The companies said they have more than 300 megawatts of capacity ready for immediate deployment in northern Virginia — the heart of "Data Center Alley" — expected to grow to at least 500 MW by 2030 as more household batteries and thermostats enroll. They also plan to commit capacity to PJM Interconnection's proposed Reliability Backstop Procurement, and to sell into California, Texas, Illinois and Ohio markets where distributed capacity is most valuable. U.S. data-center demand is projected to reach 41 GW in 2026 and 66 GW in 2027, and hyperscalers are racing anything they can plug in.

Why the market pop

Wall Street's read is that the AI compute build-out just handed the residential-solar industry a new counterparty with unlimited urgency and deep pockets.
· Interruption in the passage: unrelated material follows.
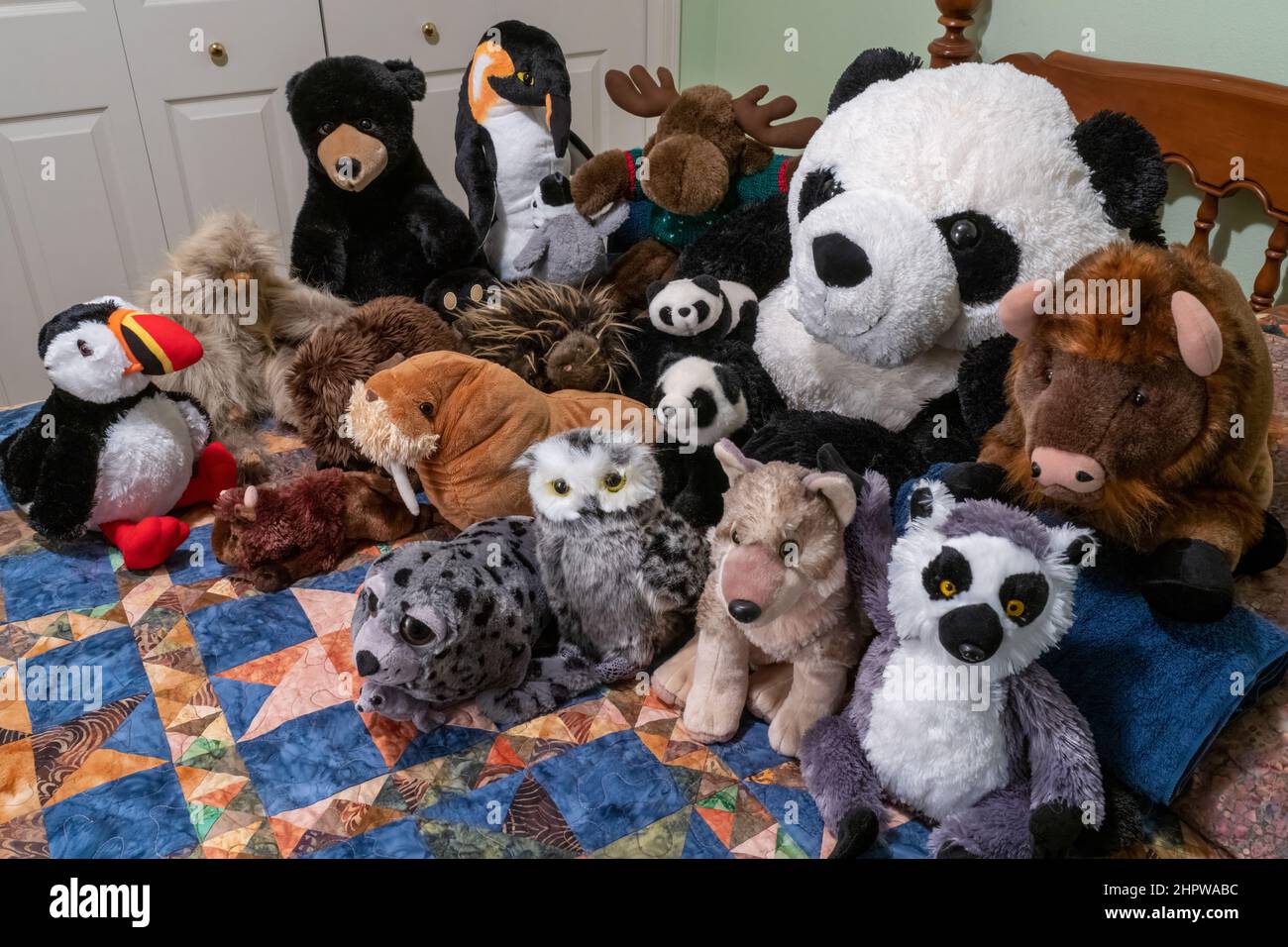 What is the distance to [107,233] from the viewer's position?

Sunrun CEO Mary Powell framed it as "the grid of the 1800s cannot power the innovation of 2026," while Renew Home CEO Ben Brown said the coalition believes hyperscalers are motivated to keep data-center power costs from being pushed onto ratepayers. Tesla's residential energy chief Colby Hastings pitched the fleet as "already in place — in the batteries, thermostats, and electric vehicles inside millions of American homes." The 16.8 GW headline is theoretical; the immediately deployable number is closer to 300 MW, but the partners say they've already committed capacity to the same Virginia grid where hyperscalers are competing for interconnection.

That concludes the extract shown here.